** SUPPLIED DATA follows **

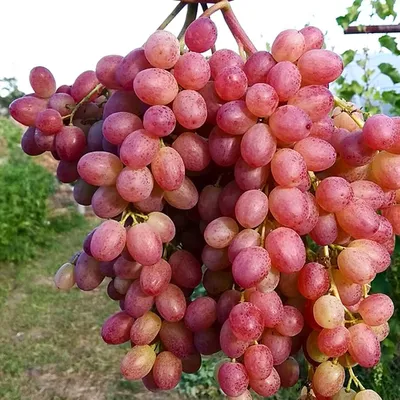 Купить саженец винограда велес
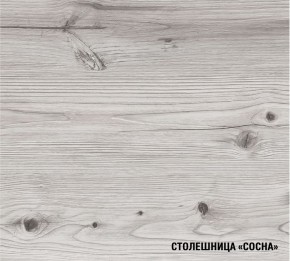 АСАЯ Кухонный гарнитур Макси 2 (1800 мм) ПМ в Талице - talica.mebel24.online | фото 8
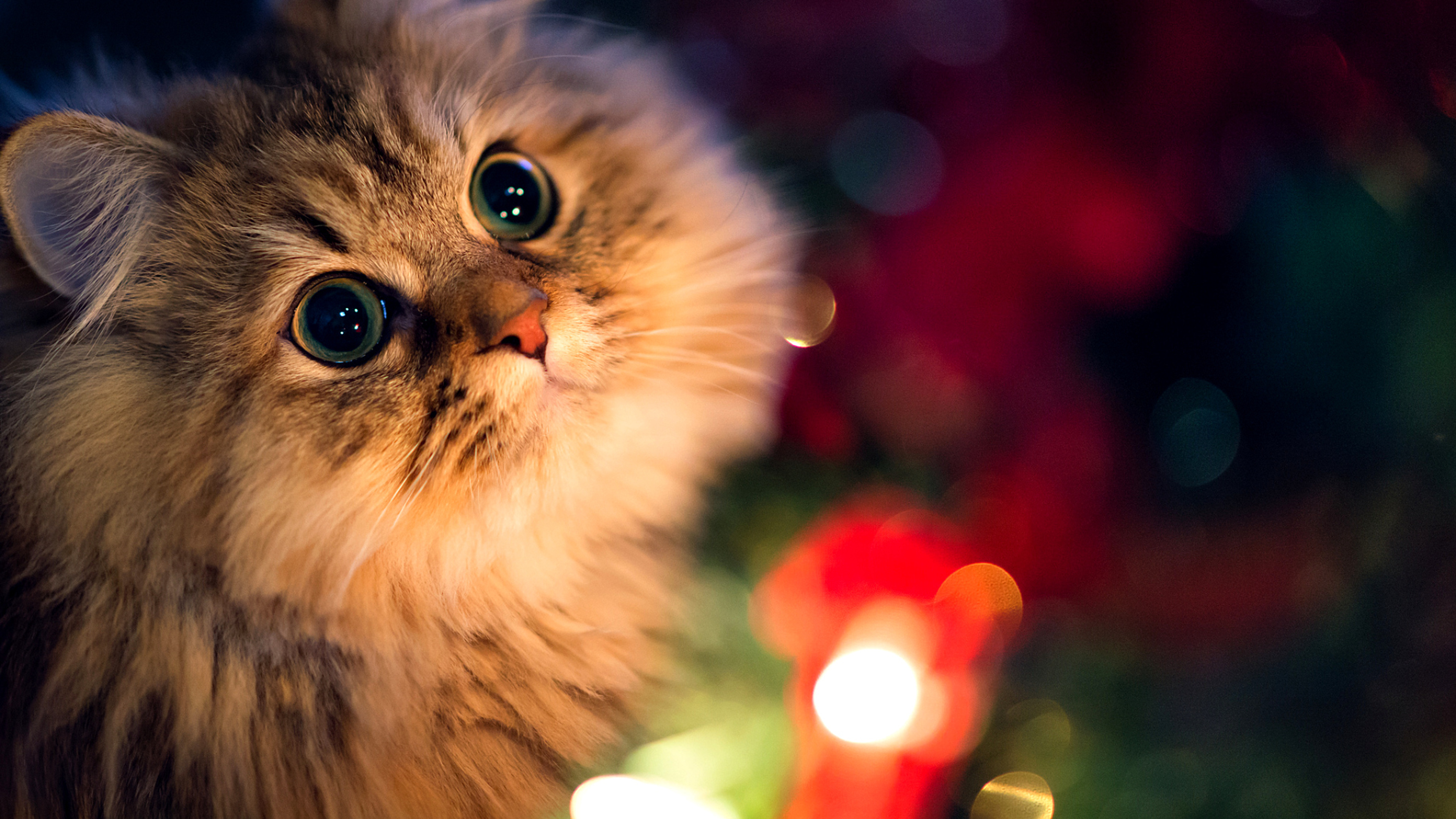 A fluffy, wide-eyed cat gazes curiously at the bright lights of a Christmas tree, its captivating stare and soft fur creating a heartwarming festive scene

** End of SUPPLIED DATA **

WHAT YOU HAVE TO DO: Where pictures occur in the material above, omit them and return everything else exactly.

EXERCISE RESULT:
 Купить саженец винограда велес
 АСАЯ Кухонный гарнитур Макси 2 (1800 мм) ПМ в Талице - talica.mebel24.online | фото 8
 A fluffy, wide-eyed cat gazes curiously at the bright lights of a Christmas tree, its captivating stare and soft fur creating a heartwarming festive scene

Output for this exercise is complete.